The United States Navy includes a ship, the Iris, whose sole duty is to supply the fleet she attends with plenty of fresh water. She was built in 1885 by Messrs. R. and W. Hawthorn, of Newcastle-on-Tyne, and measures 310 feet in length, 38 1 / 2 feet beam. For her size she has remarkable bunker capacity, and can accommodate nearly 2,500 tons of coal. Fore and aft are huge storage tanks to hold between them about 170,000 gallons of fresh water. Her stills can produce a maximum of 60,000 gallons a day. It has been reckoned that each ton of water distilled costs only 18 cents; or, stated otherwise, that 40 gallons cost one penny.

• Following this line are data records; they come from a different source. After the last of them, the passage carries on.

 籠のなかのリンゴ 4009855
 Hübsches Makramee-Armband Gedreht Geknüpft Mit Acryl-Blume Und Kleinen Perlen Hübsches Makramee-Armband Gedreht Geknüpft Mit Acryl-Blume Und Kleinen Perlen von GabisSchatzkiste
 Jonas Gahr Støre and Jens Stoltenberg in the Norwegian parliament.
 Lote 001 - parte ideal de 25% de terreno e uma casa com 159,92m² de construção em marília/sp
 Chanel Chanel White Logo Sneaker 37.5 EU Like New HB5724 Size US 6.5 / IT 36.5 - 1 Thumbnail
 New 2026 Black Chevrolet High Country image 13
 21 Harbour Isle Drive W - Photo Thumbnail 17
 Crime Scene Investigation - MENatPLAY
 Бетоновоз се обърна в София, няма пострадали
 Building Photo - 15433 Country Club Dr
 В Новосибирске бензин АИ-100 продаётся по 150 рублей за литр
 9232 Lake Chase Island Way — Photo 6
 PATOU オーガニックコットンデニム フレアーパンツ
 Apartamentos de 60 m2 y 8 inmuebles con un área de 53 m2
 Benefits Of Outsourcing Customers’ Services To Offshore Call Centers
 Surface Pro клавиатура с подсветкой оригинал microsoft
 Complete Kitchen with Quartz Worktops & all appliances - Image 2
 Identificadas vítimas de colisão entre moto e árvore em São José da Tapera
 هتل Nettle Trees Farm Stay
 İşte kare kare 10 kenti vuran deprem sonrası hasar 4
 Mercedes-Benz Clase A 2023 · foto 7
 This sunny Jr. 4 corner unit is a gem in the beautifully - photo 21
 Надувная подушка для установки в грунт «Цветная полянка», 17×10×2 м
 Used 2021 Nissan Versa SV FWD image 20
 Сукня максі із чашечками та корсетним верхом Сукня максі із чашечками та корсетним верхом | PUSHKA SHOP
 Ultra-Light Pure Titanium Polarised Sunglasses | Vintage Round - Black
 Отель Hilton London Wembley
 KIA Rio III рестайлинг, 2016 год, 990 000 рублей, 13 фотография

At many ports fresh water costs three or four times this figure; and even when procured is of doubtful purity. During the Spanish-American War the Iris and a sister ship, the Rainbow, proved most useful.

REFRIGERATORS

Of late years the frozen-meat trade has increased by leaps and bounds. Australia, New Zealand, Argentina, Canada, and the United States send millions of pounds' worth of mutton and beef across the water every year to help feed the populations of England and Europe.

In past times the live animals were sent, to be either killed when disembarked or fatted up for the market. This practice was expensive, and attended by much suffering of the unfortunate creatures if bad weather knocked the vessel about.

Refrigerating machinery has altered the traffic most fundamentally. Not only can more meat be sent at lower rates, but the variety is increased; and many other substances than flesh are often found in the cold stores of a ship—butter and fruit being important items.

Certain steamship lines, such as the Shaw, Savill, and Albion—plying between England and Australasia—include vessels specially built for the transport of vast numbers of carcases. Upwards of a million carcases have been packed into the hull of a single ship and kept perfectly fresh during the long six weeks' voyage across the Equator.

Every passenger-carrying steamer is provided with refrigerating rooms for the storage of perishable provisions; and as the comfort of the passengers, not to say their luxury, is bound up with these compartments, it will be interesting to glance at the method employed for creating local frost amid surrounding heat.

The big principle underlying the refrigerator is this—that a liquid when turned into gas absorbs heat (thus, to convert water into steam you must feed it with heat from a fire), and that as soon as the gas loses a certain amount of its heat it reverts to liquid form.